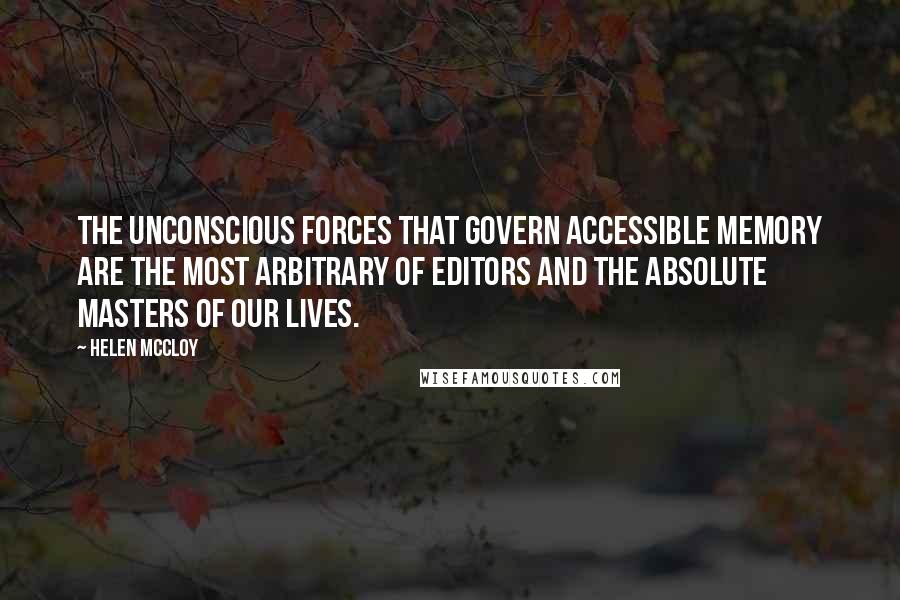 Helen McCloy Quotes: The unconscious forces that govern accessible memory are the most arbitrary of editors and the absolute masters of our lives.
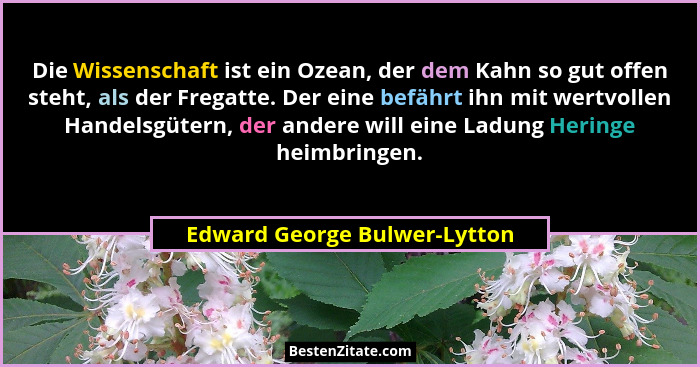 Die Wissenschaft ist ein Ozean, der dem Kahn so gut offen steht, als der Fregatte. Der eine befährt ihn mit wertvollen H... - Edward George Bulwer-Lytton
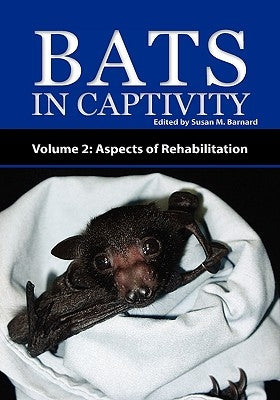 Bats in Captivity - Volume 2: Aspects of Rehabilitation by Barnard, Susan M.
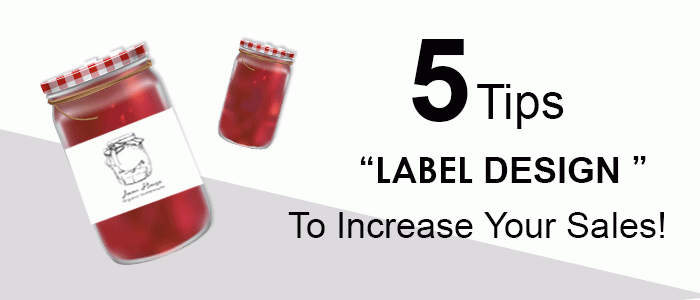 5 Tips for effective label design 5 Tips for effective label design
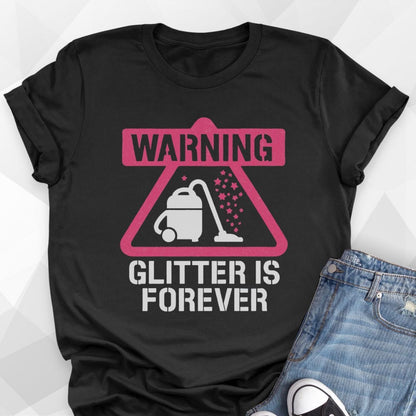 Glitter is Forever T-Shirt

------------------------------------------------------------

Exercise details: In your copy, please omit the pictures and print every line of the records exactly.

Answer box:
 Helen McCloy Quotes: The unconscious forces that govern accessible memory are the most arbitrary of editors and the absolute masters of our lives.
 Die Wissenschaft ist ein Ozean, der dem Kahn so gut offen steht, als der Fregatte. Der eine befährt ihn mit wertvollen H... - Edward George Bulwer-Lytton
 Bats in Captivity - Volume 2: Aspects of Rehabilitation by Barnard, Susan M.
 5 Tips for effective label design 5 Tips for effective label design
 Glitter is Forever T-Shirt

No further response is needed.